The water supply section oversees the 10,200,000 gallon water reservoir at Touhy Avenue located just west of Milwaukee Avenue, one overhead storage tank whose capacity is 250,000 gallons, and the 1,000,000 gallon stand tank located within the Four Flags Shopping Center.
The water supply section is ultimately responsible for the availability of water from Lake Michigan via the City of Evanston. The water plants' combined pumping capacity is 26,000 gallons per minute.
Quite contrary to the old saying "Out of sight, out of mind," the Department of Public Works adheres to a proactive approach for infrastructure maintenance, especially for water and sewer.
From the City of Evanston: Illinois EPA Drinking Water Sampling Update (2/11/2022)
The Village of Niles purchases drinking water from the City of Evanston through the Morton Grove-Niles Water Commission. Recent water sampling detected levels of one PFAS chemical just above the guidance level of 2.0 parts per trillion established by the Illinois Environmental Protection Agency (EPA). Please see details below from the City of Evanston as well as a link to the City's web site for additional information.

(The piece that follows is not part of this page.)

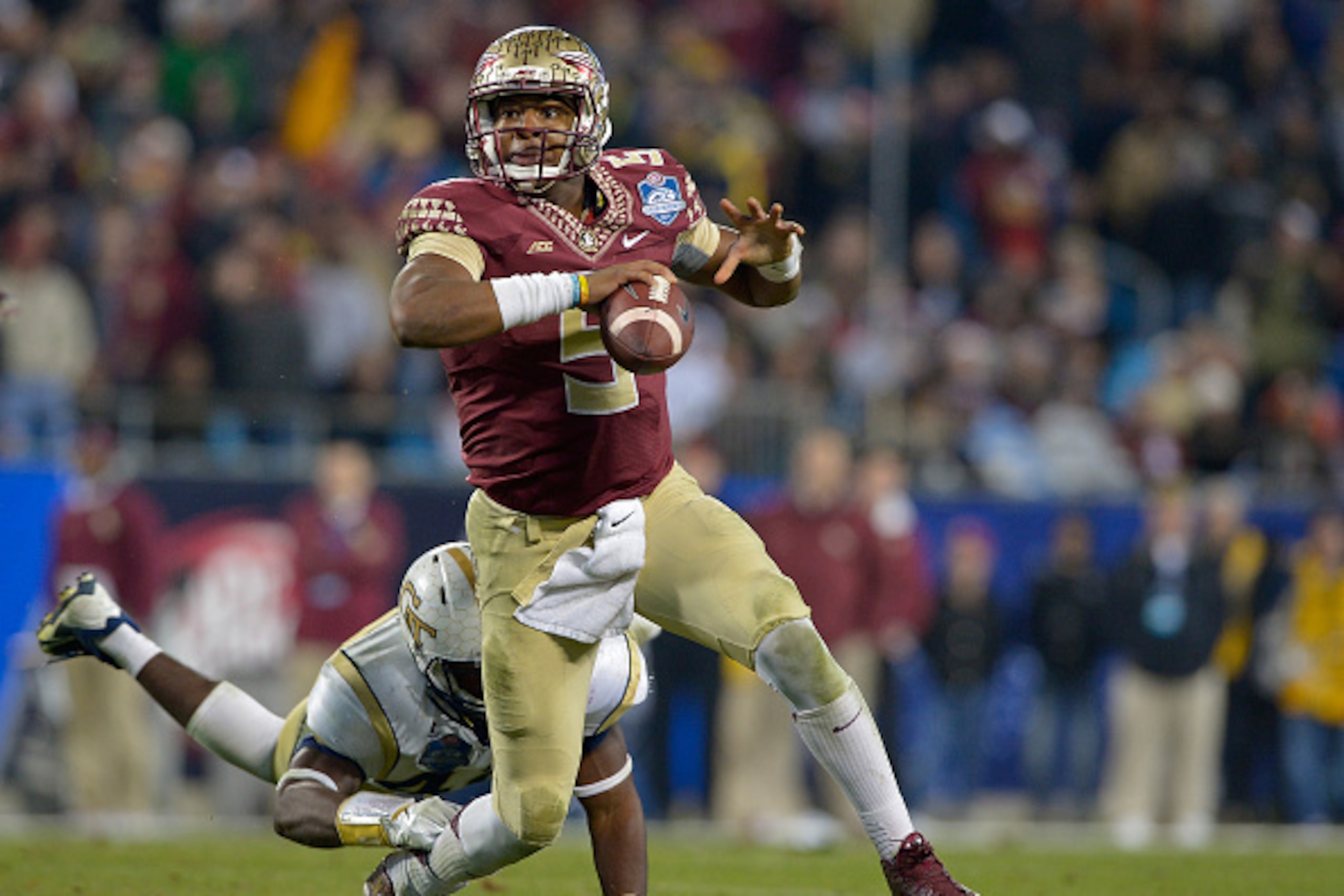 CHARLOTTE, NC - DECEMBER 06:  Jameis Winston #5 of the Florida State Seminoles avoids a sack by Shaun Kagawa #44 of the Georgia Tech Yellow Jackets during the Atlantic Coast Conference championship game on December 6, 2014 in Greenville, North Carolina. F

From the City of Evanston:
In 2021, the Illinois EPA began an ongoing sampling investigation of Perfluoroalkyls (PFAS) chemicals in community water supplies. PFAS are human-made chemicals that have been used in industrial and consumer products worldwide since the 1950s.
Evanston results: Illinois EPA testing determined that one PFAS chemical was detected in the City's drinking water just above its guidance level of 2.0 parts per trillion (ppt) – roughly equivalent to one drop in 20 Olympic-sized swimming pools. The levels detected for this chemical, PFOA (Perfluorooctanoic acid), were 2.2 ppt (9/2/2021), 2.3 ppt (11/16/2021), and 2.2 ppt (11/16/2021). These concentrations are well below the US EPA published Lifetime Health Advisory Level of 70 ppt.
Next steps: The City is following recommendations from the Illinois EPA and closely monitoring the latest health-based guidance. At this time, no enforceable federal or state drinking water standard, called a Maximum Contaminant Level or MCL, exists for PFAS chemicals.